Directions for this task:
Only the lines from the one with "Building Photo - 216 W Kyra Ln" through the end of the data below belong in the answer, restated word for word, pictures excluded.

Stored records:
^^^^^^^^
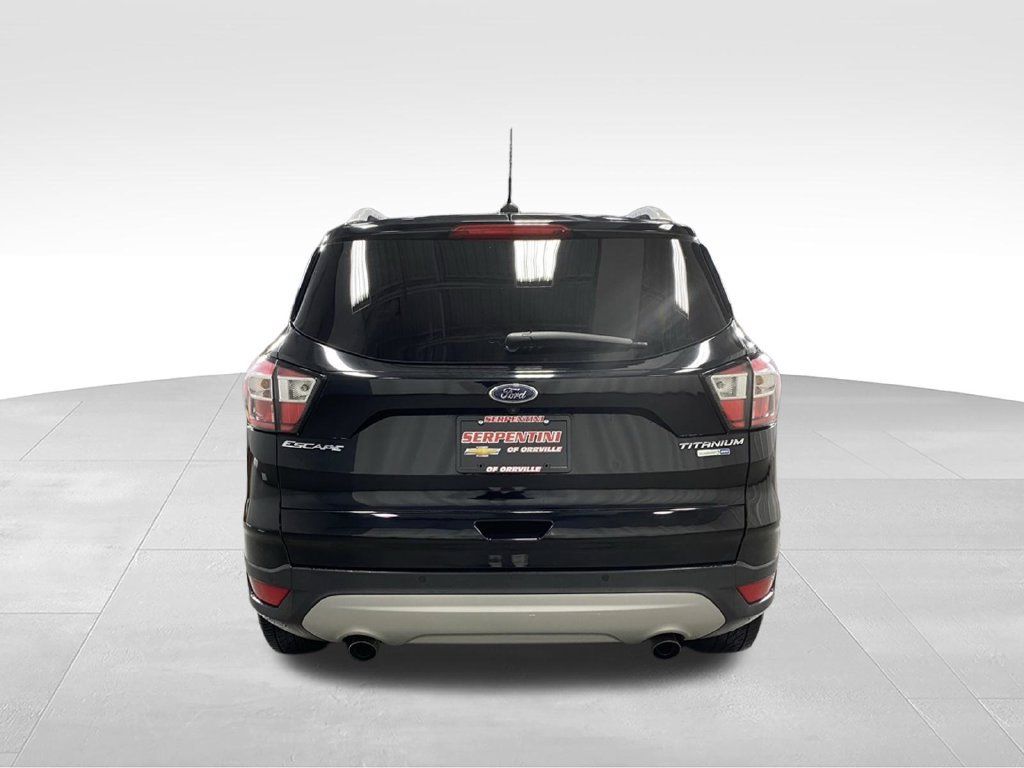 Used 2018 Ford Escape Titanium w/ Ford Safe & Smart Package AWD/4WD image 8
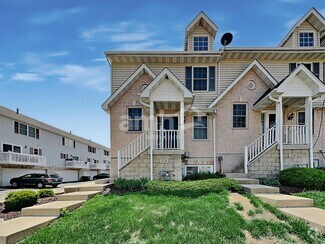 Building Photo - 216 W Kyra Ln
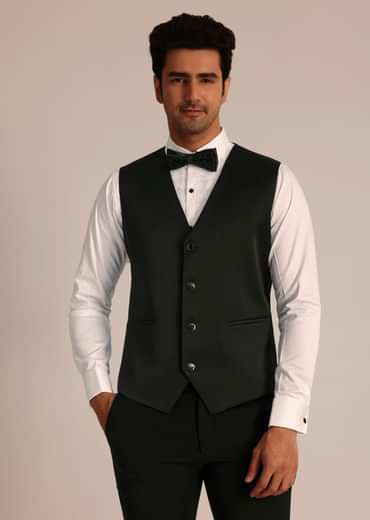 Wine Velvet Suit Set With Zardosi Detailing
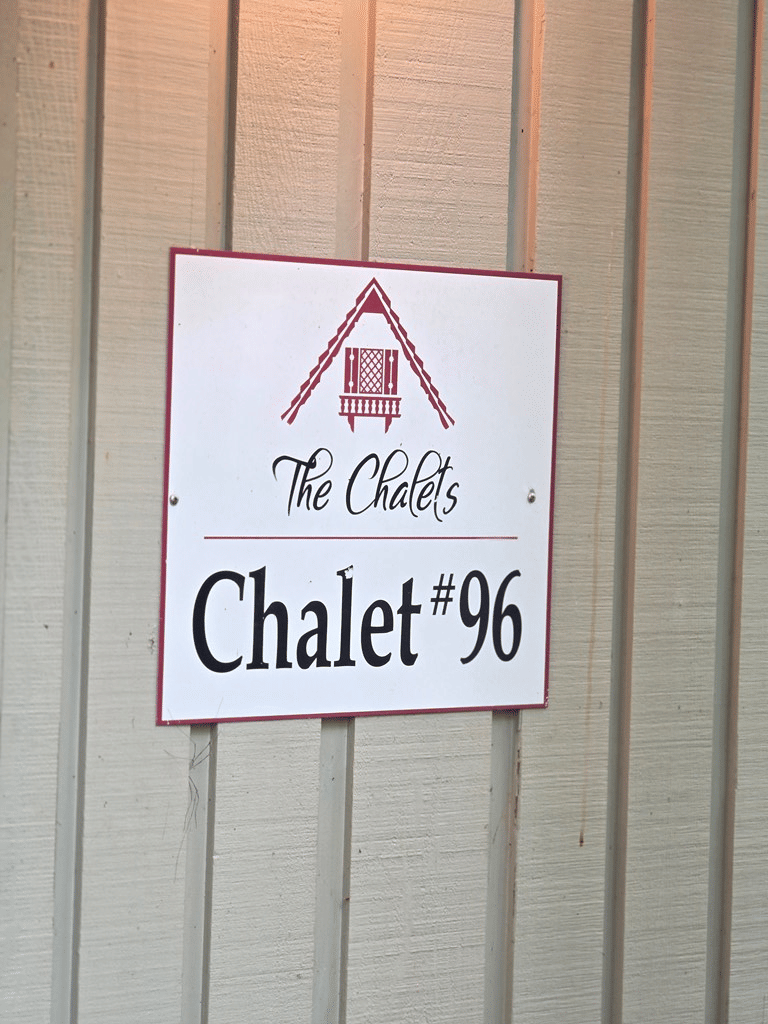 96 Chalet Cir, Pine Mountain, GA 31822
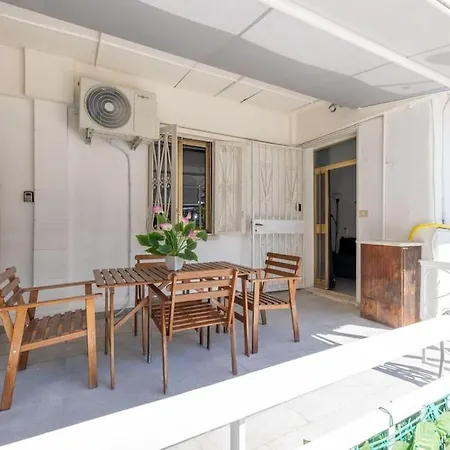 Apartman Casa Gemelli - Metro Per Il Centro Di -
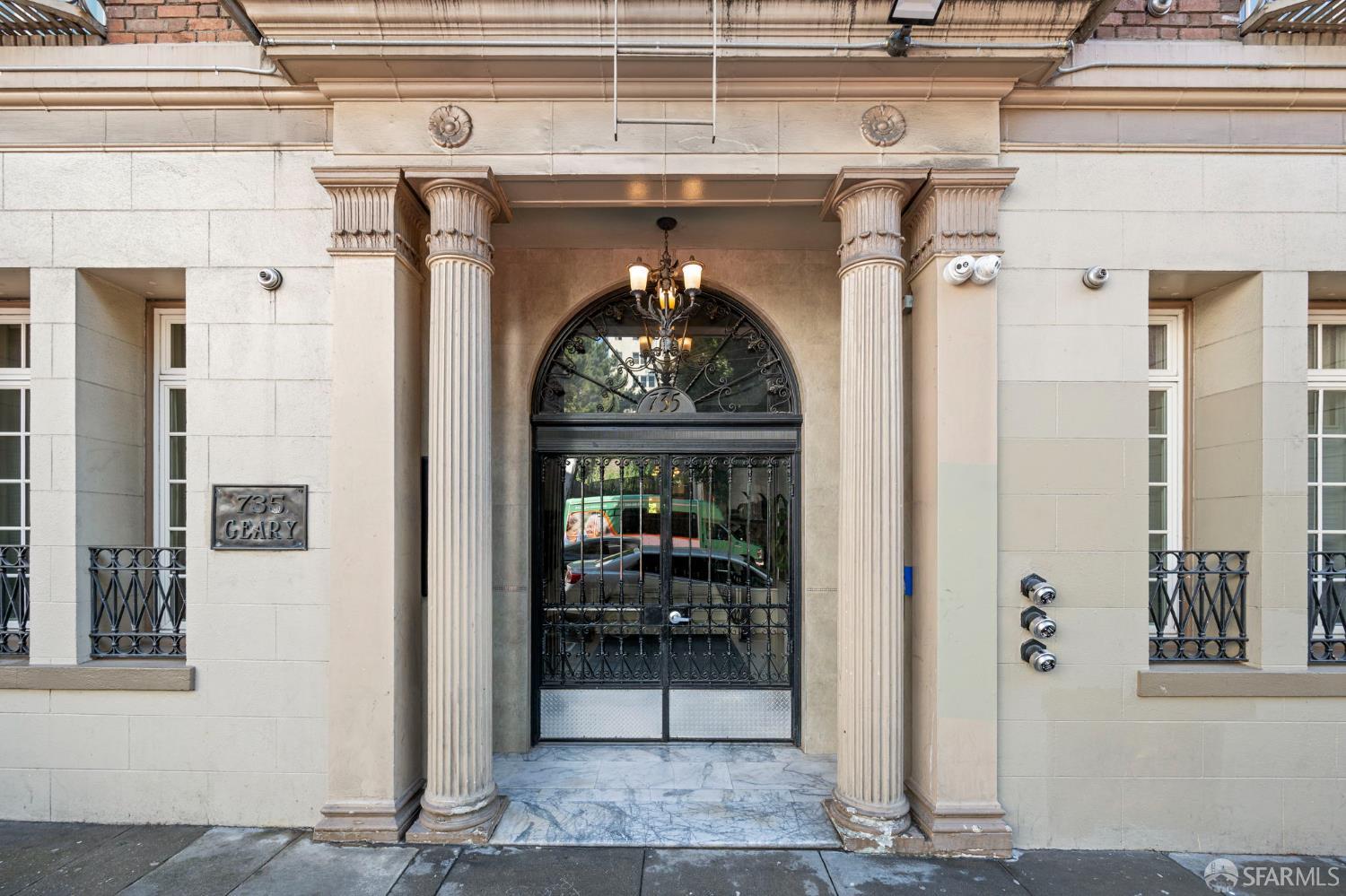 Photo #7: 426122002 Listing: Photo #7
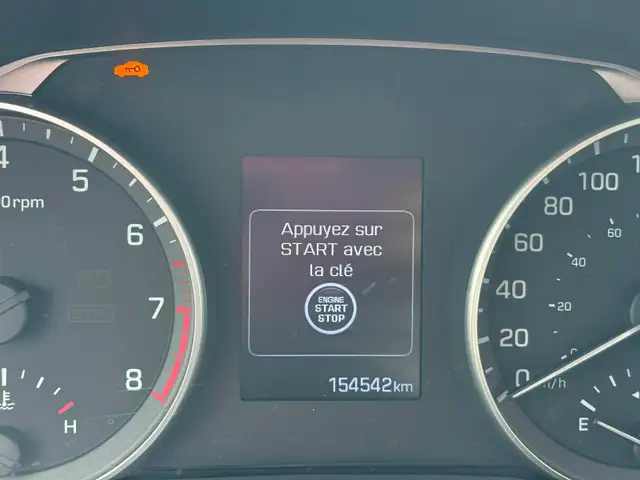 Hyundai Elantra 2017 Aut. 158km $7795. Rusty 450-820-0550 - Photo 7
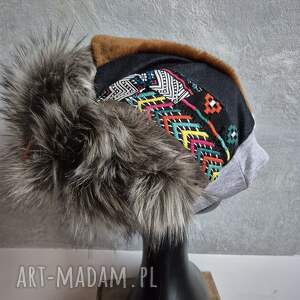 Prezent Futrzana czapka brązowa smerfetka zwariowana na podszewce
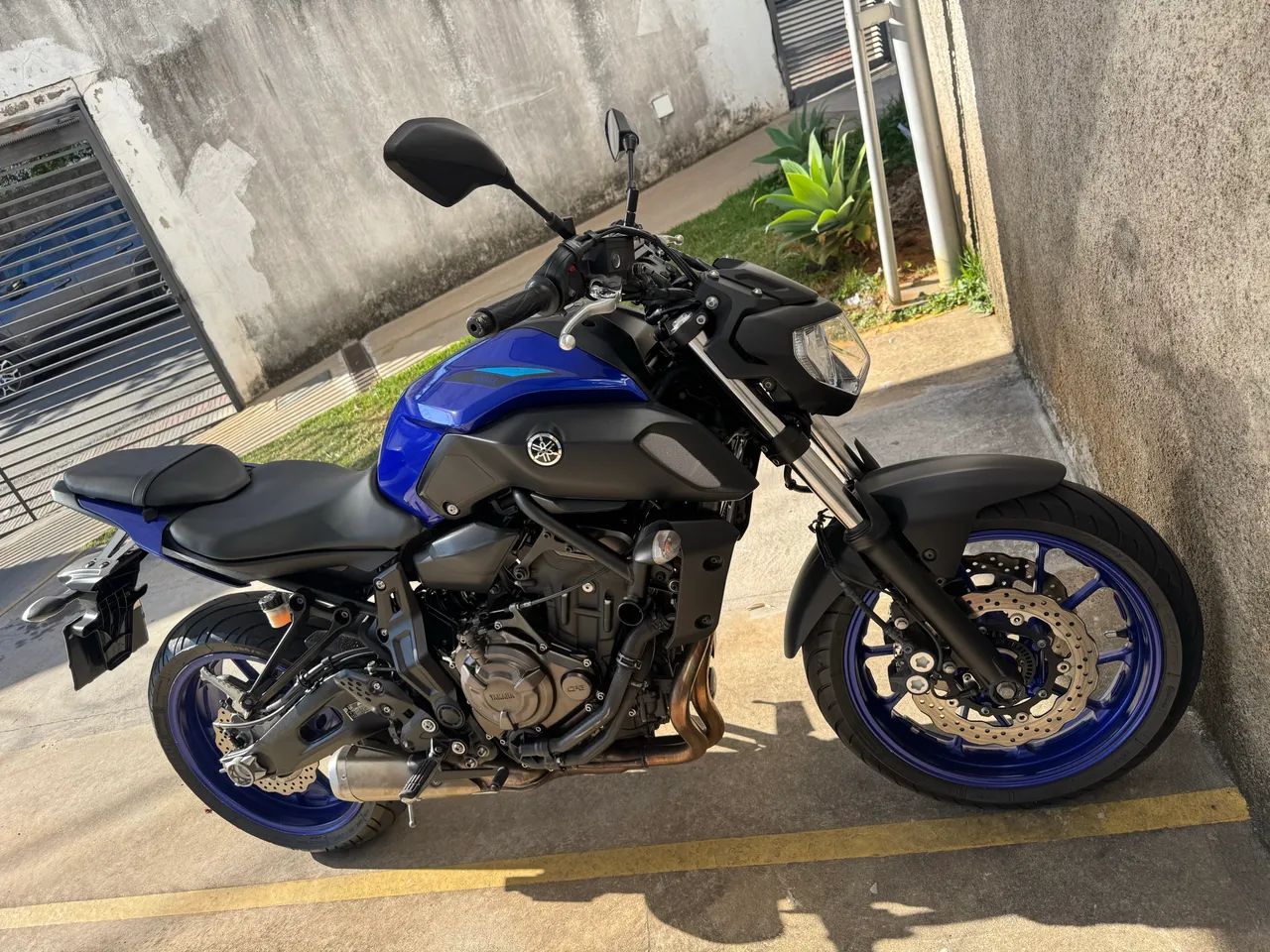 Yamaha MT07  - Foto 3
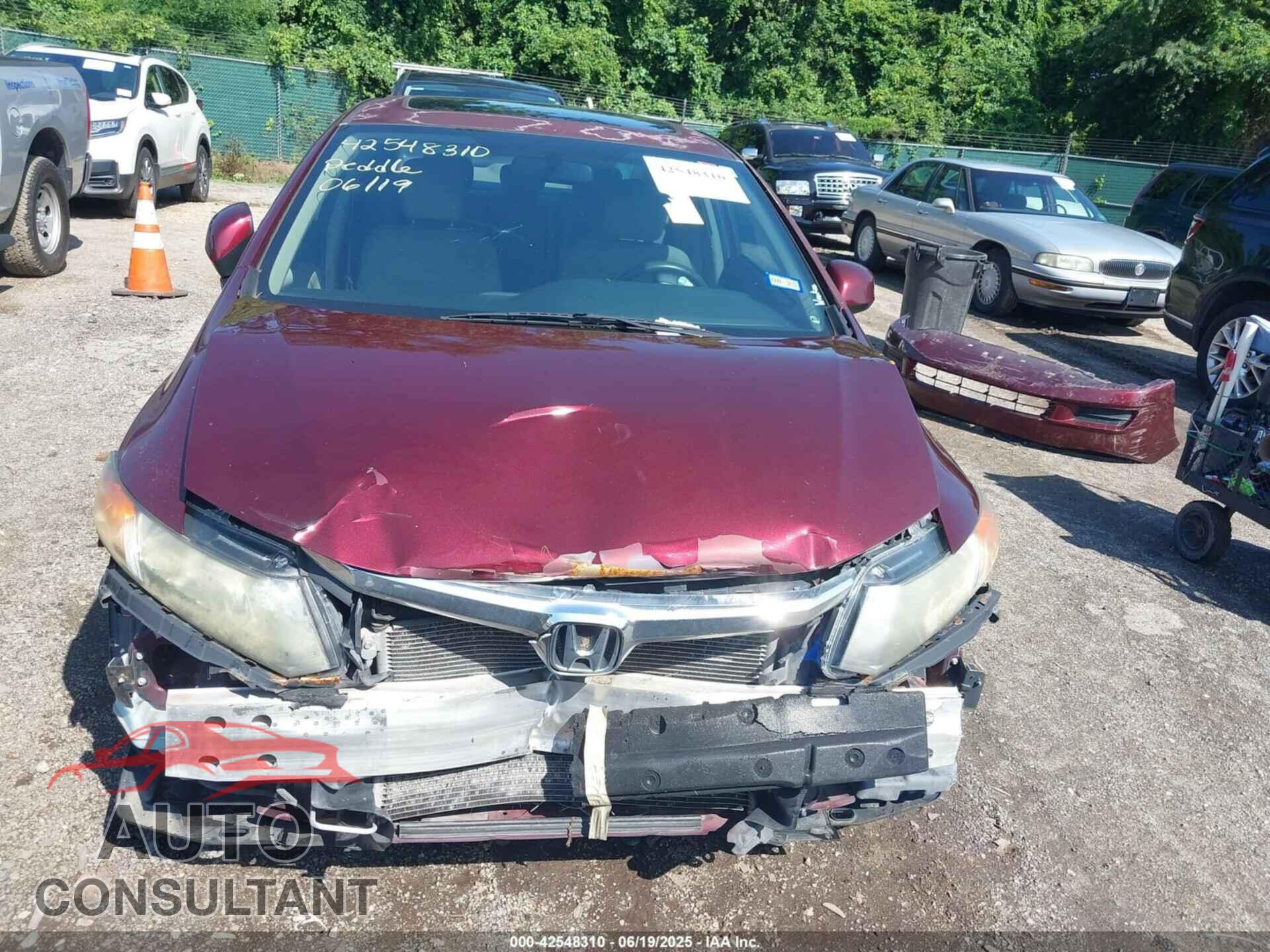 HONDA CIVIC 2012 - 2HGFB2F86CH586198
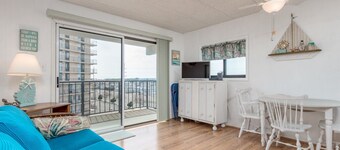 Relaxing balcony with great views of both the ocean and the bay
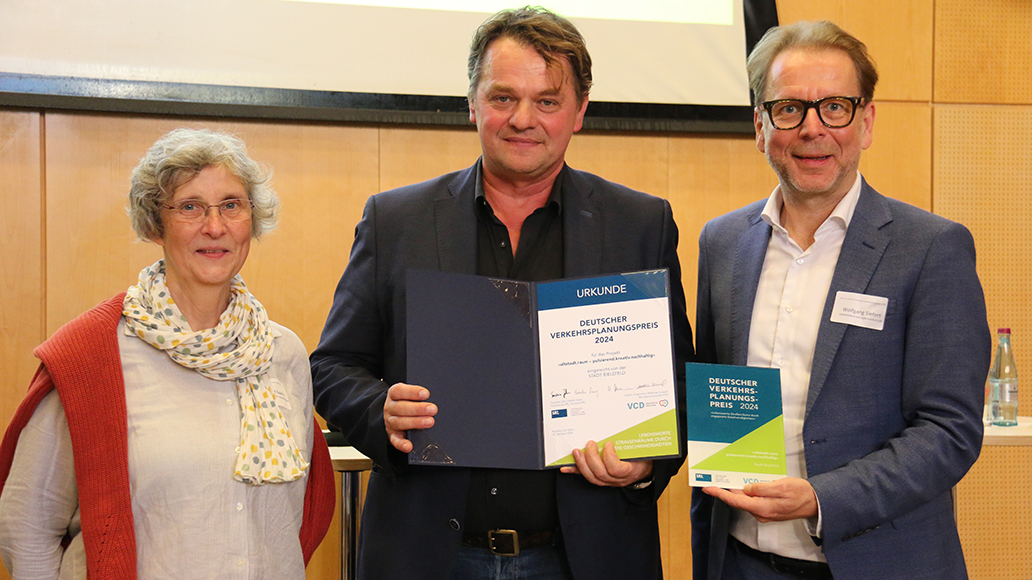 SRL-Vorsitzende Katalin Saary und Frankfurts Verkehrsdezernent Wolfgang Siefert (rechts) übergeben den Verkehrsplanungspreis an Bürgermeister Martin Adamski aus Bielefeld.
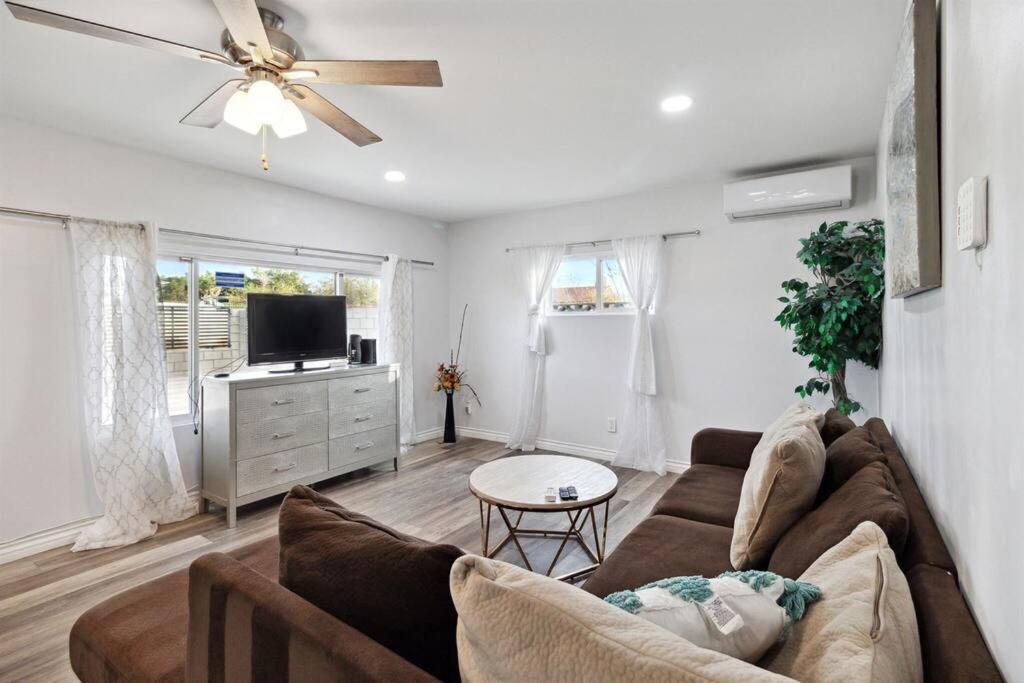 Modern City Ranch 3 Bdrm Family Home Access By Dirt Road Palmdale Εξωτερικό φωτογραφία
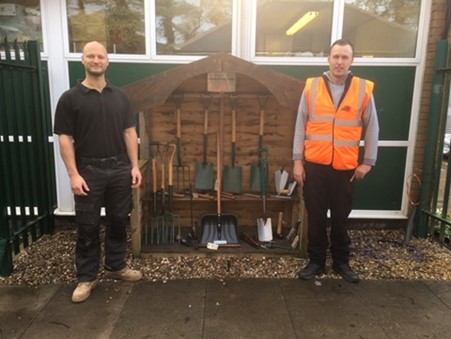 Gavin from Horti-hub and Northampton Hope Centre in front of their new tools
^^^^^^^^
Response for this exercise:
 Building Photo - 216 W Kyra Ln
 Wine Velvet Suit Set With Zardosi Detailing
 96 Chalet Cir, Pine Mountain, GA 31822
 Apartman Casa Gemelli - Metro Per Il Centro Di -
 Photo #7: 426122002 Listing: Photo #7
 Hyundai Elantra 2017 Aut. 158km $7795. Rusty 450-820-0550 - Photo 7
 Prezent Futrzana czapka brązowa smerfetka zwariowana na podszewce
 Yamaha MT07  - Foto 3
 HONDA CIVIC 2012 - 2HGFB2F86CH586198
 Relaxing balcony with great views of both the ocean and the bay
 SRL-Vorsitzende Katalin Saary und Frankfurts Verkehrsdezernent Wolfgang Siefert (rechts) übergeben den Verkehrsplanungspreis an Bürgermeister Martin Adamski aus Bielefeld.
 Modern City Ranch 3 Bdrm Family Home Access By Dirt Road Palmdale Εξωτερικό φωτογραφία
 Gavin from Horti-hub and Northampton Hope Centre in front of their new tools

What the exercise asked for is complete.